Required work ::
Print every entry again, precisely as written.

*** Opening of Material shown ***

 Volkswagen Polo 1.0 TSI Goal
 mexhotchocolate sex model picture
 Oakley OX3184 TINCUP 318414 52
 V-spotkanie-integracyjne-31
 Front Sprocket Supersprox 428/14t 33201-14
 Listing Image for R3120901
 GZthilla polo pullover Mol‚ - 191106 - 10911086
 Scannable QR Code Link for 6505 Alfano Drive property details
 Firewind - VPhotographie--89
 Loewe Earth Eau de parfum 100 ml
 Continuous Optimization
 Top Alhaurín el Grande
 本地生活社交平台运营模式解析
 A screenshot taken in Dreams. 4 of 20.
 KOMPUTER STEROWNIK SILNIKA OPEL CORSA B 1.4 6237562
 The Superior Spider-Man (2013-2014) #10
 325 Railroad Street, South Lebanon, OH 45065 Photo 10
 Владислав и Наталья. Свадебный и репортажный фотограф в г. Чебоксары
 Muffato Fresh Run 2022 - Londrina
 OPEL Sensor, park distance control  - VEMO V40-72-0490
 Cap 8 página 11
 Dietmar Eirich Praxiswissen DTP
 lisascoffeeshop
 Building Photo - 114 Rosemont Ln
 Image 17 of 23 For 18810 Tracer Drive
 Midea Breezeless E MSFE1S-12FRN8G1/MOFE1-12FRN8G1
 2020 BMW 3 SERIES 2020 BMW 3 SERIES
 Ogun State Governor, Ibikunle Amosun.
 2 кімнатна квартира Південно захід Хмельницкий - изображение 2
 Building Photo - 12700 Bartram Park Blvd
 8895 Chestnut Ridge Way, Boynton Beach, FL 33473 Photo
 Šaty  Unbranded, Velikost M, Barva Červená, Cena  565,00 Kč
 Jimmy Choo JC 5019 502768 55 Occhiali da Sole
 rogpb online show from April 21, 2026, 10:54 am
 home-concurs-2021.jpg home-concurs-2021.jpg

*** Close of Material shown ***

Task response ::
 Volkswagen Polo 1.0 TSI Goal
 mexhotchocolate sex model picture
 Oakley OX3184 TINCUP 318414 52
 V-spotkanie-integracyjne-31
 Front Sprocket Supersprox 428/14t 33201-14
 Listing Image for R3120901
 GZthilla polo pullover Mol‚ - 191106 - 10911086
 Scannable QR Code Link for 6505 Alfano Drive property details
 Firewind - VPhotographie--89
 Loewe Earth Eau de parfum 100 ml
 Continuous Optimization
 Top Alhaurín el Grande
 本地生活社交平台运营模式解析
 A screenshot taken in Dreams. 4 of 20.
 KOMPUTER STEROWNIK SILNIKA OPEL CORSA B 1.4 6237562
 The Superior Spider-Man (2013-2014) #10
 325 Railroad Street, South Lebanon, OH 45065 Photo 10
 Владислав и Наталья. Свадебный и репортажный фотограф в г. Чебоксары
 Muffato Fresh Run 2022 - Londrina
 OPEL Sensor, park distance control  - VEMO V40-72-0490
 Cap 8 página 11
 Dietmar Eirich Praxiswissen DTP
 lisascoffeeshop
 Building Photo - 114 Rosemont Ln
 Image 17 of 23 For 18810 Tracer Drive
 Midea Breezeless E MSFE1S-12FRN8G1/MOFE1-12FRN8G1
 2020 BMW 3 SERIES 2020 BMW 3 SERIES
 Ogun State Governor, Ibikunle Amosun.
 2 кімнатна квартира Південно захід Хмельницкий - изображение 2
 Building Photo - 12700 Bartram Park Blvd
 8895 Chestnut Ridge Way, Boynton Beach, FL 33473 Photo
 Šaty  Unbranded, Velikost M, Barva Červená, Cena  565,00 Kč
 Jimmy Choo JC 5019 502768 55 Occhiali da Sole
 rogpb online show from April 21, 2026, 10:54 am
 home-concurs-2021.jpg home-concurs-2021.jpg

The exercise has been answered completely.